■ Prompt
Beginning at the line containing "Drop-resistente INS-stijl Timbo", repeat each line below exactly up to and including the line containing "прямо на аэродром?". Do not repeat the pictures.
━━ Exercise input
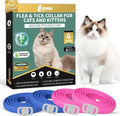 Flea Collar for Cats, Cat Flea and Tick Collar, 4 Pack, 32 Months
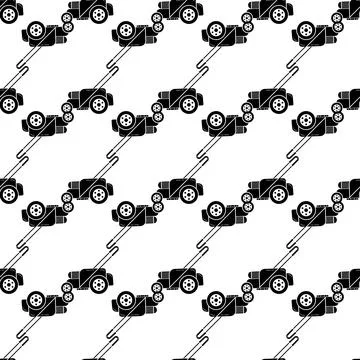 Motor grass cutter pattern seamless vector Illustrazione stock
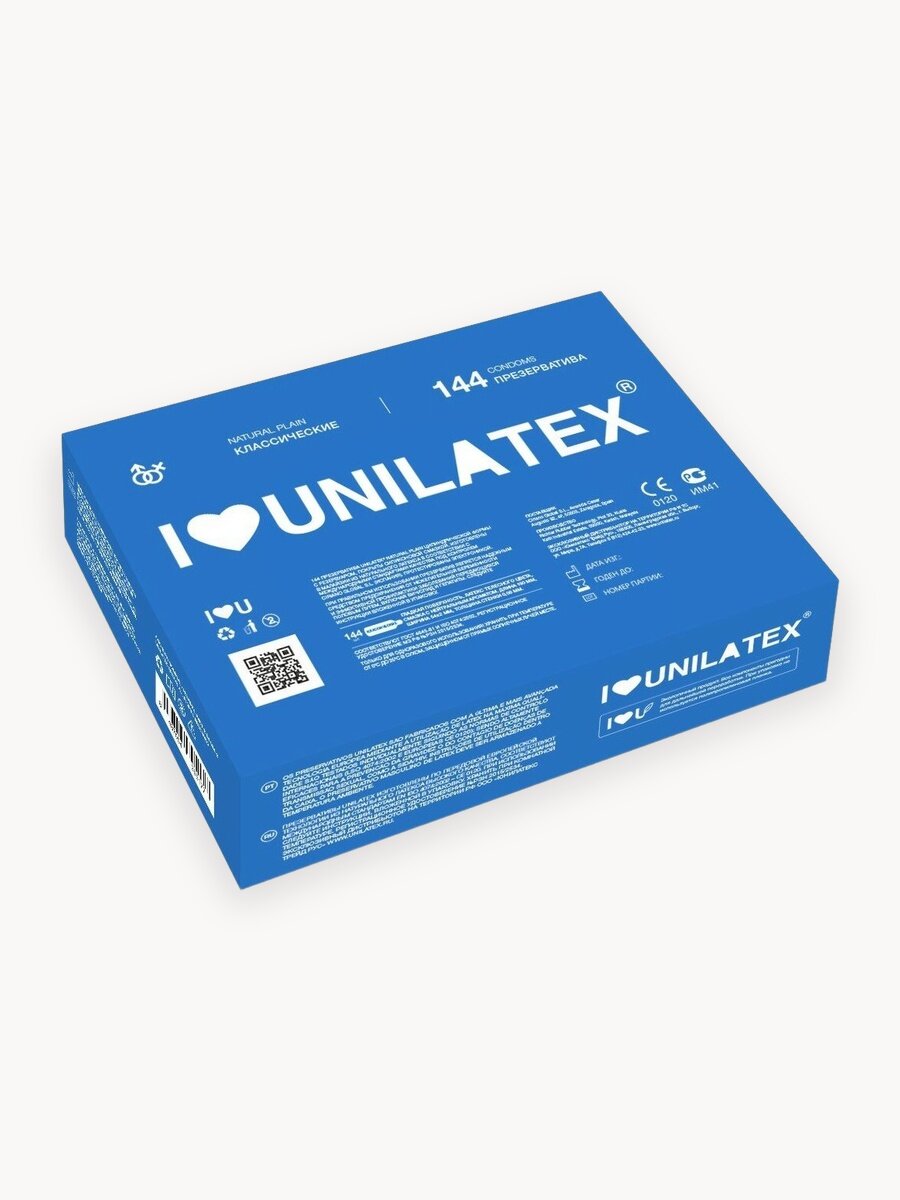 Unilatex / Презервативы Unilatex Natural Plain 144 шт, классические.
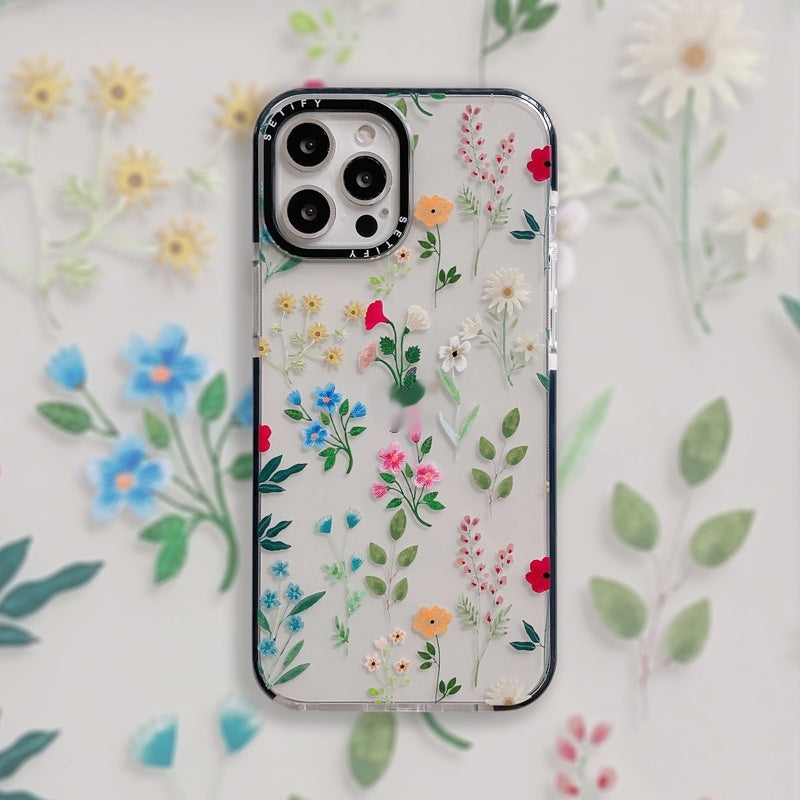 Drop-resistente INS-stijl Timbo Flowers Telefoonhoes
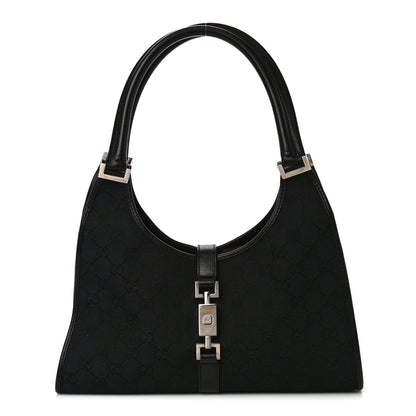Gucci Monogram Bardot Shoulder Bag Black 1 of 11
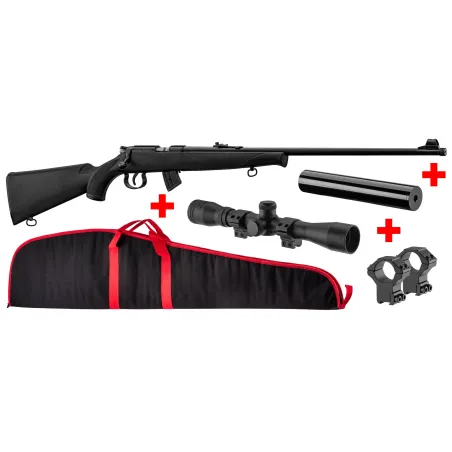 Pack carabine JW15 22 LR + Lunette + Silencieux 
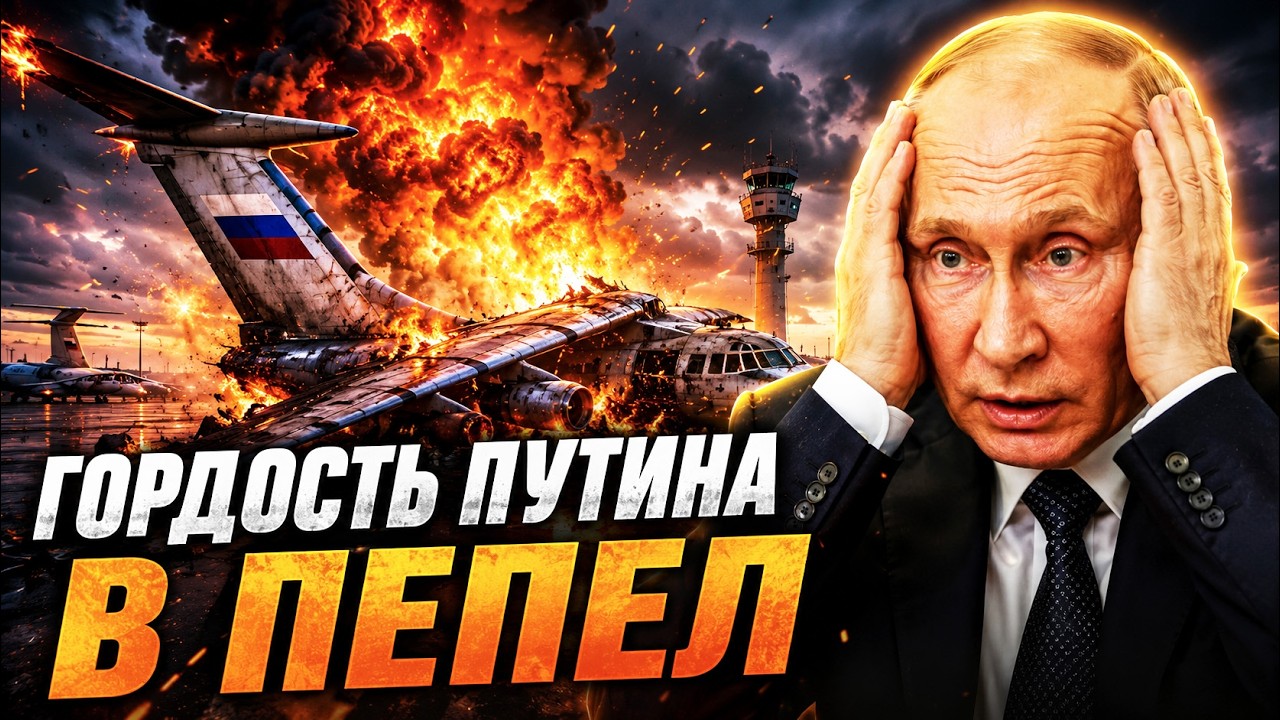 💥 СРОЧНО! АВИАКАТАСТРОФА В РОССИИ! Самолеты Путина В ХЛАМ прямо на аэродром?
━━━━
━━ Exercise input
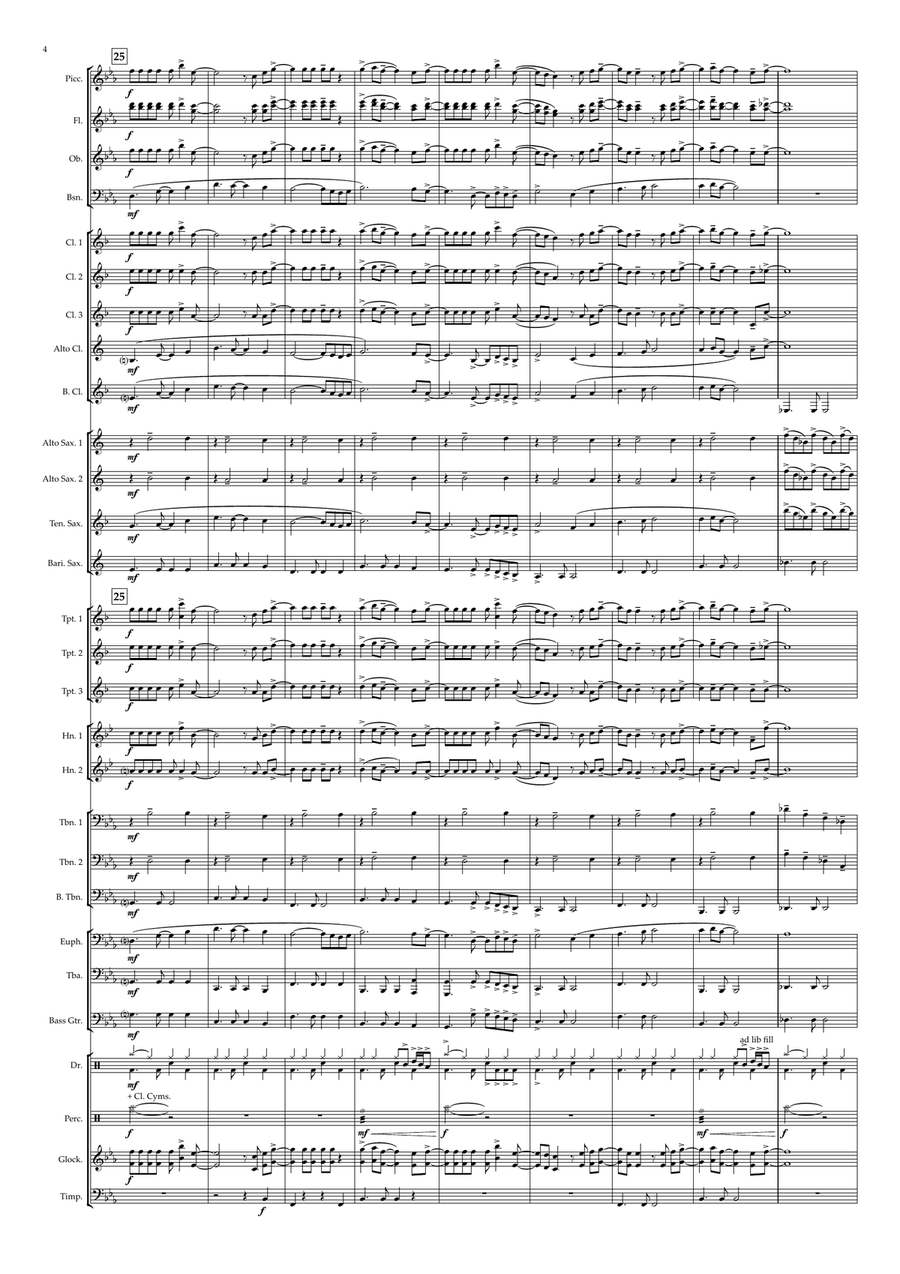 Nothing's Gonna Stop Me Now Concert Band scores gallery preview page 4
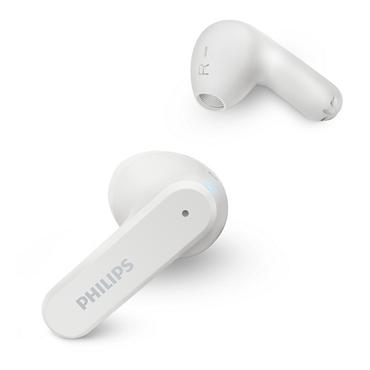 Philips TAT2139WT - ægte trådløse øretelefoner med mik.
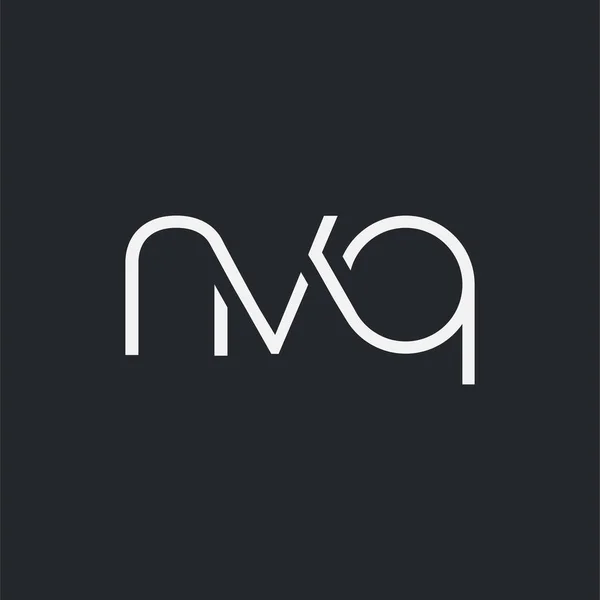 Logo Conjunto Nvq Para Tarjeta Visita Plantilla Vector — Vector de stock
━━━━
■ Completed exercise
 Drop-resistente INS-stijl Timbo Flowers Telefoonhoes
Gucci Monogram Bardot Shoulder Bag Black 1 of 11
 Pack carabine JW15 22 LR + Lunette + Silencieux 
 💥 СРОЧНО! АВИАКАТАСТРОФА В РОССИИ! Самолеты Путина В ХЛАМ прямо на аэродром?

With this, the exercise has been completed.